Aveva circa 10 anni. Il suo aggiungersi a squadre in cui i compagni giocavano da 3 o 4 anni, unito a un piede oggettivamente mediocre lo ha portato ad essere quasi sempre un panchinaro, nella migliore delle ipotesi. Ma lui, fino ad un certo punto, si è divertito, anche solo a fare le partitelle di allenamento e a guardare e tifare i suoi compagni in quelle di campionato. Parliamo di squadre non blasonate, se blasonate si può dire nel limite dei campionati provinciali, ma tant’è; le uniche che potessero accettare un absolute beginner undicenne a cui natura non ha dato.
Dicevo: fino ad un certo punto. E più precisamente fino a quando sono state divise le squadre anche per fare gli allenamenti, non solo le partite di tabellone. Questo mi è sembrato un chiaro atteggiamento, che nell’ambito lavorativo si chiamerebbe mobbing, per disincentivare la partecipazione dei più brocchi tra i brocchi, in una squadra troppo numerosa.
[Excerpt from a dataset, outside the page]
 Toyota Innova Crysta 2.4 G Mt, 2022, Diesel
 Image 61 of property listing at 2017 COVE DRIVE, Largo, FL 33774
Ma non subito, verso metà campionato, quando le quote partecipative erano già state pagate.
Pecunia non olet, i giocatori scarsi invece sì.
Tralascio gli epiteti che sono usciti dalle bocche degli allenatori e, peggiori ancora, dai genitori sugli spalti, perché parlando di preadolescenti non fanno parte del mio vocabolario e, a ben guardare, neanche per gli adulti. Coach che pensavano, forse, di allenare una nazionale e genitori che credevano di crescere il futuro pallone d’oro. Molto mi sarebbe piaciuto far notare che se un ragazzino di undici anni milita ancora in una squadra da fondo classifica a Piacenza, forse proprio un fenomeno non è.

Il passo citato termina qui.